Moving From HTTP to HTTPS: Part 1 of 2

Making the move from HTTP to HTTPS is now something I’d advising all my clients to do for a number of reasons:

1) Google Chrome and other browsers are now pointing out sites that aren’t secure in the address bar.

2) Google Search is now beginning to use HTTPS as a ranking signal, so switching can benefit SEO rankings.

3) When you use HTTPS you show your customers and visitors that you’re concerned about their safety and doing your part to protect them (as well as your yourself and your staff or employees).

4) It builds credibility – you don’t look very legitimate when your URL has an insecure site warning beside it. Especially for ecommerce sites people are looking for the green padlock.

What does it mean in practical terms for you? Imagine this…

You could be at a coffeeshop using their wireless network. You login to your (unsecured) website. A hacker sitting a few tables over is watching the network, sees you come online and watches your keystrokes as you login. Simple as that, they know how to get into your site. It’s so easy it’s scary for people who know what they’re doing.When you login to your HTTPS site, though, anyone eavesdropping on the network can see where you go, but they can’t know how you logged in or what you’re doing on your site once you’re logged in. Using HTTPS makes it harder for people to intercept things moving across a network or to know what people inside a secure site are doing.
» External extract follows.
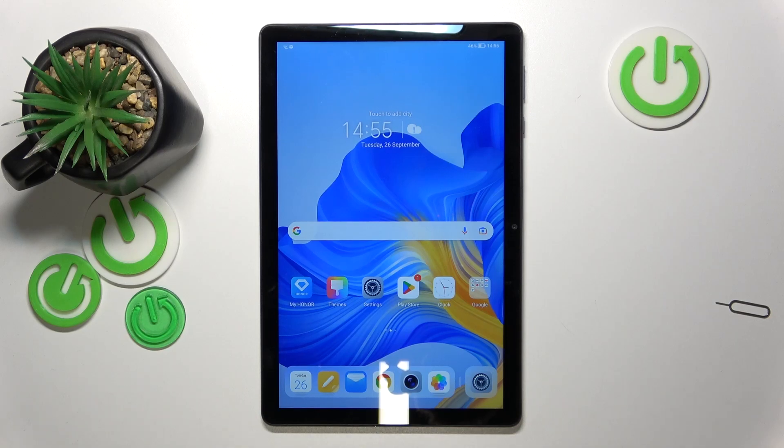Hello! In this video I will show you how to format an SD card on Honor Pad X8.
But FYI: secure does not necessarily always equal safe. You could visit another secure site that’s been hacked, and even though your connection is secure, you are not safe from whatever they might try to do to your computer.

Getting Started

1) Buy and install an SSL certificate.

Many hosts sell these, and even though they might be a bit more expensive, they’ll usually install them for you at no charge. This is usually worth it for the convenience. Single-site SSL certs are typically $10-$50/year.

You don’t need to buy a $100 certificate for your single site – a $10 cert is as effective as a $400 one. The difference is in the amount of insurance they provide, but typically for most small business sites you’ll be fine with a less expensive cert.

If you have multiple domains to protect (mysite.com, surfing.mysite.com, travel.mysite.com) you’ll need a multisite cert, typically $30-$250/year depending on how many sites are involved. If you’re not sure of the number of sites, a wildcard cert will cover unlimited numbers for $80-$200/year.

Finally, some progressive hosts who recognize the value of securing more of the web offer free SSL certs like Let’s Encrypt. If you’re hosting with me, you have this available to you right now, get in touch to have it set up.

2)  If using WordPress, change the Site URL and WordPress URL to HTTPS.

Do this in Settings > General, and you will be logged out when you make this change.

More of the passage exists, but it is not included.